_Your goal_
Look through the entries below and extract exactly the lines from the one containing "Molang Push and" through the one containing "Mens Watches Stainless", ends included.

_Entries supplied_
= = = = =
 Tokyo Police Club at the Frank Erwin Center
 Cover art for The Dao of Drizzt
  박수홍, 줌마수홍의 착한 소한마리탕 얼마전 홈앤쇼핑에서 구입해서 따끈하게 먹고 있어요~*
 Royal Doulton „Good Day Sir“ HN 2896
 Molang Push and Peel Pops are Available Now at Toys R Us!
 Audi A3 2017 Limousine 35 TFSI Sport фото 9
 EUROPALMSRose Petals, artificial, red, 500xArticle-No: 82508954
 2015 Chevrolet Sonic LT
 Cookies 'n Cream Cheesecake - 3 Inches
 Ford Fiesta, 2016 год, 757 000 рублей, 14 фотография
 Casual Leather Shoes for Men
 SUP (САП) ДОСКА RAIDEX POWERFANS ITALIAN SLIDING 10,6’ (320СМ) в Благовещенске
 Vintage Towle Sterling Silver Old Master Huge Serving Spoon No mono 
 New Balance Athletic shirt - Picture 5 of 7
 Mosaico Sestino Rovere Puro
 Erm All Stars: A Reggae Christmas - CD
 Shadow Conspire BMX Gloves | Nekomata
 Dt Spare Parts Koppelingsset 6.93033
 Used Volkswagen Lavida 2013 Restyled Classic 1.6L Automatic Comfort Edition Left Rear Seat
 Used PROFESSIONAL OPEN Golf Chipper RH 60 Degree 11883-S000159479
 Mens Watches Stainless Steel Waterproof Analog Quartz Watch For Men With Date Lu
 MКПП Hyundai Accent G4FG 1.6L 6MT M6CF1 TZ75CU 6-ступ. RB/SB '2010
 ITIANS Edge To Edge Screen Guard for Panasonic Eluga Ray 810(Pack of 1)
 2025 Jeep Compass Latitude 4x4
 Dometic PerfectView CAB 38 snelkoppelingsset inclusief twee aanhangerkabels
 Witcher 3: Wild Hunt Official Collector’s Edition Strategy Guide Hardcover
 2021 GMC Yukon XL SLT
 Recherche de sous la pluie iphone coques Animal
= = = = =
_Output for this exercise_
 Molang Push and Peel Pops are Available Now at Toys R Us!
 Audi A3 2017 Limousine 35 TFSI Sport фото 9
 EUROPALMSRose Petals, artificial, red, 500xArticle-No: 82508954
 2015 Chevrolet Sonic LT
 Cookies 'n Cream Cheesecake - 3 Inches
 Ford Fiesta, 2016 год, 757 000 рублей, 14 фотография
 Casual Leather Shoes for Men
 SUP (САП) ДОСКА RAIDEX POWERFANS ITALIAN SLIDING 10,6’ (320СМ) в Благовещенске
 Vintage Towle Sterling Silver Old Master Huge Serving Spoon No mono 
 New Balance Athletic shirt - Picture 5 of 7
 Mosaico Sestino Rovere Puro
 Erm All Stars: A Reggae Christmas - CD
 Shadow Conspire BMX Gloves | Nekomata
 Dt Spare Parts Koppelingsset 6.93033
 Used Volkswagen Lavida 2013 Restyled Classic 1.6L Automatic Comfort Edition Left Rear Seat
 Used PROFESSIONAL OPEN Golf Chipper RH 60 Degree 11883-S000159479
 Mens Watches Stainless Steel Waterproof Analog Quartz Watch For Men With Date Lu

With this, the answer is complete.